Kehnet Nielsen
Motives ll
03 Sep – 09 Oct 2010
In a range of new paintings with the common title Motives II, Kehnet Nielsen (b. 1947) unveils a space, which simultaneously is familiar and present, but also private, intimate and confidential. The paintings show the artist’s own studio depicted from numerous angles and with varying focal points. The studio painting is a familiar classical motif from the history of art, where famous painters have painted their studios as a sort of indirect self-portrait, spatial still life or memento mori, which through the carefully placed objects and elements, revert back to the artist subject, referencing earlier works and generating a range of existential questions. It is this tradition Kehnet Nielsen in his new works revisits while at the same time creating something entirely new and different.
The works in Motives II lie in conjunction with his previous exhibition at Galleri Susanne Ottesen, Lottenborg, 2007, which marks a new breakthrough in the artist’s production. As opposed to his purely abstract painting of the 90’ties, the works at Lottenborg tie figurative elements together with tactile layers of oil paint, through which we see a range of his intimate surroundings, such as his house, studio and garden. In Motives II, Kehnet Nielsen zooms in even further directing his focus purely toward his studio with its piles of half finished canvases and array of brushes, pots and paint tubes as well as the concentrated mood of a room of contemplation, focus and work, hereby revealing some of the painterly existential problems. The title Motives II points very concretely toward what the eye registers, our close surroundings. But of course it also hints at the fact that there are motives in the paintings; and that figurative- and abstract elements are mixed together, which at times makes the figurative barely visible and nearly dissolved, while conversely also reveals entirely concrete depictions of a chair, a painters table or a jar with brushes. In the works various painterly planes congregate and interlock whereby the canvasses appear flickering and quaking at the same time as they exude a sense of pastosity and calm. The motifs of the half finished canvasses diffuse out into the surrounding reality, whereby work and surroundings are joined together in these paintings of paintings. A number of the motifs or elements are repeated through the works and refer to older works, such as the empty chair. The chair simultaneously becomes an indirect self-portrait of the artist, a substitution for the body, which normally occupies the space but it also indicates an openness in the works which invites in the spectator to take part in the contemplative mood and in the reflection upon the work and the artist subject. The painter is hereby present in the work even when he is not directly depicted. As a shadow his silhouette appears in a couple of the works as if he in a self-reflection contemplates himself paint. In other works the painter seems more present in the objects and in the depicted canvasses; his shadow seems almost reminiscent in every stroke, every drop of oil and every splotch of paint.
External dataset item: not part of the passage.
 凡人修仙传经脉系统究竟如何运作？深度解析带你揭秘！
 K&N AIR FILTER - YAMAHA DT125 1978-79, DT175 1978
A whole wall in the exhibition is made up of a row of small box-like works, which with their character as an object and humble dimensions (18 x 16 cm) create a leap in the perception of the exhibition. The boxes are packaging from paint tubes, which Kehnet Nielsen first time around has used as a sort of palette on which to mix his paints, and consequently has re-worked to become small works themselves, creating a sort of modified ready mades, which establishes a very direct and concrete link to his studio. The boxes are physical elements which reference the studio paintings, whereby the thick layers and splotches of paint in continuation of the meta-reflections of the studio paintings become, an indication that even a mere brush stroke of paint is a sign and a picture in its own right.
The studio paintings reference a romantic tradition where the studio and the artist subject have reached an almost iconic status in the history of art. But rather than celebrating the masculine artist subject, Kehnet Nielsen creates a range of reflections on the concept of the painting, and the role of the artist as well as overall existential contemplations. The works hereby do not close introspectively in on them self, but rather open up their presence and include the spectator.